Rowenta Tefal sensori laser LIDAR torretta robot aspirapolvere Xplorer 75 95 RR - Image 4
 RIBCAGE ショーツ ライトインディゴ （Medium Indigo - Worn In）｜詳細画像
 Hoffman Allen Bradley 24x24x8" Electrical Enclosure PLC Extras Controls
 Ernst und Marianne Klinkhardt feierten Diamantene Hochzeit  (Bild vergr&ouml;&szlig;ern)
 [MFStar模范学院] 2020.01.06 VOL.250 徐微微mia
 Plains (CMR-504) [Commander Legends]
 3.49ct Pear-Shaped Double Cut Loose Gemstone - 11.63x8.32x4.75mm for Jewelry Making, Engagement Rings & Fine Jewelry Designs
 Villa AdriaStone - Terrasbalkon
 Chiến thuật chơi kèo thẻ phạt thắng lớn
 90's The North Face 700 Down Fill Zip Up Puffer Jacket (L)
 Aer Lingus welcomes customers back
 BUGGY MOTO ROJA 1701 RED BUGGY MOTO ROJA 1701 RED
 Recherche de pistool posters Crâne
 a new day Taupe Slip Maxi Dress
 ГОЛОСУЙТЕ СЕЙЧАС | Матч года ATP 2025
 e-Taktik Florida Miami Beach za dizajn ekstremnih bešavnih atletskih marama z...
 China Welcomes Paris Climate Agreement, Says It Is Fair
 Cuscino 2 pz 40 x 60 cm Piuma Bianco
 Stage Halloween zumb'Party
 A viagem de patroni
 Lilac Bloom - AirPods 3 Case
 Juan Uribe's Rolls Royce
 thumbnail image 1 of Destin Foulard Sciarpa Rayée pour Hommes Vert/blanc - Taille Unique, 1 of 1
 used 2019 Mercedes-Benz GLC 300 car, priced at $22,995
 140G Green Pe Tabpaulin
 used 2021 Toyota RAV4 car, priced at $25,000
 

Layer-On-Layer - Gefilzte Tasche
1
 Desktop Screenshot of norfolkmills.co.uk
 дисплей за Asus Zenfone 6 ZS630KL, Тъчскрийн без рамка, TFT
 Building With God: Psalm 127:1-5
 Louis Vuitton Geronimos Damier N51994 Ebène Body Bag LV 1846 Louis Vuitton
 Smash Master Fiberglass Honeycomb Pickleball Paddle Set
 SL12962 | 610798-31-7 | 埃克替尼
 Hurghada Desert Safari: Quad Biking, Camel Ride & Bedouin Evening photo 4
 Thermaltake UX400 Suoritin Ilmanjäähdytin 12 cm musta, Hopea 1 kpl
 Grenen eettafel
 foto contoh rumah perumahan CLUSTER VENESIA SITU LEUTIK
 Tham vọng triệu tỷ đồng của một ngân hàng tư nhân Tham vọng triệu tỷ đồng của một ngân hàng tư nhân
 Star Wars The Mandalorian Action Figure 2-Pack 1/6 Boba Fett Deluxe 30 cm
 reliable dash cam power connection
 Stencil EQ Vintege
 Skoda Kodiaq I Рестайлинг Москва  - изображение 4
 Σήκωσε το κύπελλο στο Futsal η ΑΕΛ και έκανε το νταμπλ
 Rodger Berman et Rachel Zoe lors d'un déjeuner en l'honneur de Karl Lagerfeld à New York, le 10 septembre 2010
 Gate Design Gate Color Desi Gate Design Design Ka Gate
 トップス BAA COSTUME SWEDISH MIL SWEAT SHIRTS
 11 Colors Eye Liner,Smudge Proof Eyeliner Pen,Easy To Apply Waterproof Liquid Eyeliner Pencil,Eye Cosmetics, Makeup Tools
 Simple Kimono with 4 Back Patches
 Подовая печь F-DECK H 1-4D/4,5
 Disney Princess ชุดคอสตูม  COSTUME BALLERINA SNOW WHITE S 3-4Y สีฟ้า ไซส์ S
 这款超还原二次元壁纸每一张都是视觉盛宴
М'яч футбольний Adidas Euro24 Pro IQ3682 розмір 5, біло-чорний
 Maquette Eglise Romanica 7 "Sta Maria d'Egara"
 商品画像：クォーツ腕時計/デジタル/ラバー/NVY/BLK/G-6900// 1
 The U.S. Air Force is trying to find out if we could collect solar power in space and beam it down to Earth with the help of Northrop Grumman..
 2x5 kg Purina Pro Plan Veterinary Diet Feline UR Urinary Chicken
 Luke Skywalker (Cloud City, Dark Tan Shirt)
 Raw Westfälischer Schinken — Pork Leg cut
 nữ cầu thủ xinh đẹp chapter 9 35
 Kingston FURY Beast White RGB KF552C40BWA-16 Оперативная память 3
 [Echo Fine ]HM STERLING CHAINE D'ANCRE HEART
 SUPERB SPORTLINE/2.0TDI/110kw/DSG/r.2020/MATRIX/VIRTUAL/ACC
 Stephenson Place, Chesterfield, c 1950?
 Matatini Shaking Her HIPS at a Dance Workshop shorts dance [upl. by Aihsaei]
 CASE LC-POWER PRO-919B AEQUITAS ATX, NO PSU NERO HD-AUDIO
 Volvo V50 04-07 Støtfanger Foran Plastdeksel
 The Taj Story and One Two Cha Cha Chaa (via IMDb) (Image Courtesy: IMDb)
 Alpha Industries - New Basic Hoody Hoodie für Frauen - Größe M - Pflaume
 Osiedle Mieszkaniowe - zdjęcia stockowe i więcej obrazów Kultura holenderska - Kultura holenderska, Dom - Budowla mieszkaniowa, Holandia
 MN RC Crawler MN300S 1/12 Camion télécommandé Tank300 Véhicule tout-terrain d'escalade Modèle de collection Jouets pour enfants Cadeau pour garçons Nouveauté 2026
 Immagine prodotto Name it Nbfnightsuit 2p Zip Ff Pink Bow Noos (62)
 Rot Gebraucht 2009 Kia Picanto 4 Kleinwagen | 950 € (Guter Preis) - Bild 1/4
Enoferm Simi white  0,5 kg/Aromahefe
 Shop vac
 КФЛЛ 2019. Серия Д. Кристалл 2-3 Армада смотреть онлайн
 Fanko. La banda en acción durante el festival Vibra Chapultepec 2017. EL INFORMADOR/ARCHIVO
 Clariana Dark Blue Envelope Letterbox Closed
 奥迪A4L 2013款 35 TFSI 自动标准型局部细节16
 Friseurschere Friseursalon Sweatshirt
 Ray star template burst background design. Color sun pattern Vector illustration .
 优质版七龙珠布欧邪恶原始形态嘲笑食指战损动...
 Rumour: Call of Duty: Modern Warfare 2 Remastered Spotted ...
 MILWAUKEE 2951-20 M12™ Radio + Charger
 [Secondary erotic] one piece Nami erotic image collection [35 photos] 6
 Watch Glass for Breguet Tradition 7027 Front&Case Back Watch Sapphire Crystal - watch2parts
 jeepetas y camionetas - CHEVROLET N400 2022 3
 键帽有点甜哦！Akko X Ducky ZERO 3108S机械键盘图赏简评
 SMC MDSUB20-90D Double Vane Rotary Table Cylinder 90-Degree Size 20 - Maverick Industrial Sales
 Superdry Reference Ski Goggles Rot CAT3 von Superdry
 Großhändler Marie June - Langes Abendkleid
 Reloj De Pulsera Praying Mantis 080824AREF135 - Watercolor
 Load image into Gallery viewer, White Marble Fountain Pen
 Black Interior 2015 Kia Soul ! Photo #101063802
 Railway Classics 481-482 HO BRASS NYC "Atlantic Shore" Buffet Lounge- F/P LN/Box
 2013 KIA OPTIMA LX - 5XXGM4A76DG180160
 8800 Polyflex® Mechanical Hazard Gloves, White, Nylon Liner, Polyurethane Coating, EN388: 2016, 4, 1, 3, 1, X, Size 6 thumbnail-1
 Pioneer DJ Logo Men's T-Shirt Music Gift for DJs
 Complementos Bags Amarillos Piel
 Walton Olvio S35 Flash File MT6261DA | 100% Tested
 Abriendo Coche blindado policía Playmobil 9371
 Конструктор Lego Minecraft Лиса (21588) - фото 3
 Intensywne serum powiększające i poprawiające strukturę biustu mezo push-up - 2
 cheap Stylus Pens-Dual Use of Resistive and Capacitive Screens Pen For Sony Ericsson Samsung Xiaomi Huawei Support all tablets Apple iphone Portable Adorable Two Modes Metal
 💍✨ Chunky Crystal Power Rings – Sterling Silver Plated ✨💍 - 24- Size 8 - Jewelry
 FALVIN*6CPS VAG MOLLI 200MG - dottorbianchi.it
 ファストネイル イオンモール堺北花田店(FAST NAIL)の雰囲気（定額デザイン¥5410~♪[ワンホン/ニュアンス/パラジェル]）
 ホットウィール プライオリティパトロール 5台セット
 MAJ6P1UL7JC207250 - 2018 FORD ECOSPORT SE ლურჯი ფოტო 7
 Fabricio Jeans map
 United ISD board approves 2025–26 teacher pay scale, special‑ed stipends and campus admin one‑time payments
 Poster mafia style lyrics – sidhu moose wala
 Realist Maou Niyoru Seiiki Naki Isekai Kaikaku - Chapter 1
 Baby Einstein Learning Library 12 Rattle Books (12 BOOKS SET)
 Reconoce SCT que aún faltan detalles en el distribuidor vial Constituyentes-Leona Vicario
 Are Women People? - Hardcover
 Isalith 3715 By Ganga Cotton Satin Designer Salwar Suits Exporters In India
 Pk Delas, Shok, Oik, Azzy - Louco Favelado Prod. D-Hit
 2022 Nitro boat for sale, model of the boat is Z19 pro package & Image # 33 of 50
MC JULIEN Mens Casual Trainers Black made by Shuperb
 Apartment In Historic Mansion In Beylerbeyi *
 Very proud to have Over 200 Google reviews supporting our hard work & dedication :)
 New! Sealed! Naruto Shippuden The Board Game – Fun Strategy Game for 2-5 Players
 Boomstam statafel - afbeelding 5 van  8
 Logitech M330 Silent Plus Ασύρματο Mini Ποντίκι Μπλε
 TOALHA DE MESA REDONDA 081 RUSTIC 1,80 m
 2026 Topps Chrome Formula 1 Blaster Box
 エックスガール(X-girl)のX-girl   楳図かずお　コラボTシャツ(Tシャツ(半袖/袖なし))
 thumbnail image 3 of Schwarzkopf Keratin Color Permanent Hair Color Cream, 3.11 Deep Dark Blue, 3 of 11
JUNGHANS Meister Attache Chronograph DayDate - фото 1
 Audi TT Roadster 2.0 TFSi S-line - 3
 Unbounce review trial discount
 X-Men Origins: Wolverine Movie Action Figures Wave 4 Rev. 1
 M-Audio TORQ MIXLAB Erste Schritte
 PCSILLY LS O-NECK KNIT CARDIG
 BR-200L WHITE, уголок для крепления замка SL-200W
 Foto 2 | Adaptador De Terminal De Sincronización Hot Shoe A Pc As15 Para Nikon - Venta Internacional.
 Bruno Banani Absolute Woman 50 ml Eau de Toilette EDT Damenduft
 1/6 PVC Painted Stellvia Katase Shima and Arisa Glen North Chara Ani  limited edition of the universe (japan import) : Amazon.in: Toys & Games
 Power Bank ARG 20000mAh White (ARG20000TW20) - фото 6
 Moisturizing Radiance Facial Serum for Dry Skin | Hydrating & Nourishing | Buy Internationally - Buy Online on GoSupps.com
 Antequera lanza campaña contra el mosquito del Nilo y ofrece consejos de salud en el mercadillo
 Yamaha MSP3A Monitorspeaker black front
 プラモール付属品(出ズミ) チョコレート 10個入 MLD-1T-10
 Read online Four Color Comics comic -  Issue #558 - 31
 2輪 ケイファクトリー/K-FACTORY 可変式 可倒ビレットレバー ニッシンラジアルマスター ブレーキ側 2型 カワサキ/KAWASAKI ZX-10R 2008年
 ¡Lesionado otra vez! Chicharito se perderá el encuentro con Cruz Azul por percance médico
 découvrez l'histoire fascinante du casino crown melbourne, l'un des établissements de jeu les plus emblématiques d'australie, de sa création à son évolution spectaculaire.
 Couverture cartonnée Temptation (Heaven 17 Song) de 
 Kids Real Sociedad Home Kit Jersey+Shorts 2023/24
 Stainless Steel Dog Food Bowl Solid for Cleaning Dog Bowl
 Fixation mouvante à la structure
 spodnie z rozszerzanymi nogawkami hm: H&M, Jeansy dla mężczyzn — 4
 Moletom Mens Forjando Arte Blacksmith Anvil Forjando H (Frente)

------------

Task description:
Return exactly the lines above from the line that has "Ernst und Marianne" through the line that has "SL12962 | 610798-31-7 | 埃克替尼", inclusive, and nothing else.

Exercise output:
 Ernst und Marianne Klinkhardt feierten Diamantene Hochzeit  (Bild vergr&ouml;&szlig;ern)
 [MFStar模范学院] 2020.01.06 VOL.250 徐微微mia
 Plains (CMR-504) [Commander Legends]
 3.49ct Pear-Shaped Double Cut Loose Gemstone - 11.63x8.32x4.75mm for Jewelry Making, Engagement Rings & Fine Jewelry Designs
 Villa AdriaStone - Terrasbalkon
 Chiến thuật chơi kèo thẻ phạt thắng lớn
 90's The North Face 700 Down Fill Zip Up Puffer Jacket (L)
 Aer Lingus welcomes customers back
 BUGGY MOTO ROJA 1701 RED BUGGY MOTO ROJA 1701 RED
 Recherche de pistool posters Crâne
 a new day Taupe Slip Maxi Dress
 ГОЛОСУЙТЕ СЕЙЧАС | Матч года ATP 2025
 e-Taktik Florida Miami Beach za dizajn ekstremnih bešavnih atletskih marama z...
 China Welcomes Paris Climate Agreement, Says It Is Fair
 Cuscino 2 pz 40 x 60 cm Piuma Bianco
 Stage Halloween zumb'Party
 A viagem de patroni
 Lilac Bloom - AirPods 3 Case
 Juan Uribe's Rolls Royce
 thumbnail image 1 of Destin Foulard Sciarpa Rayée pour Hommes Vert/blanc - Taille Unique, 1 of 1
 used 2019 Mercedes-Benz GLC 300 car, priced at $22,995
 140G Green Pe Tabpaulin
 used 2021 Toyota RAV4 car, priced at $25,000
 

Layer-On-Layer - Gefilzte Tasche
1
 Desktop Screenshot of norfolkmills.co.uk
 дисплей за Asus Zenfone 6 ZS630KL, Тъчскрийн без рамка, TFT
 Building With God: Psalm 127:1-5
 Louis Vuitton Geronimos Damier N51994 Ebène Body Bag LV 1846 Louis Vuitton
 Smash Master Fiberglass Honeycomb Pickleball Paddle Set
 SL12962 | 610798-31-7 | 埃克替尼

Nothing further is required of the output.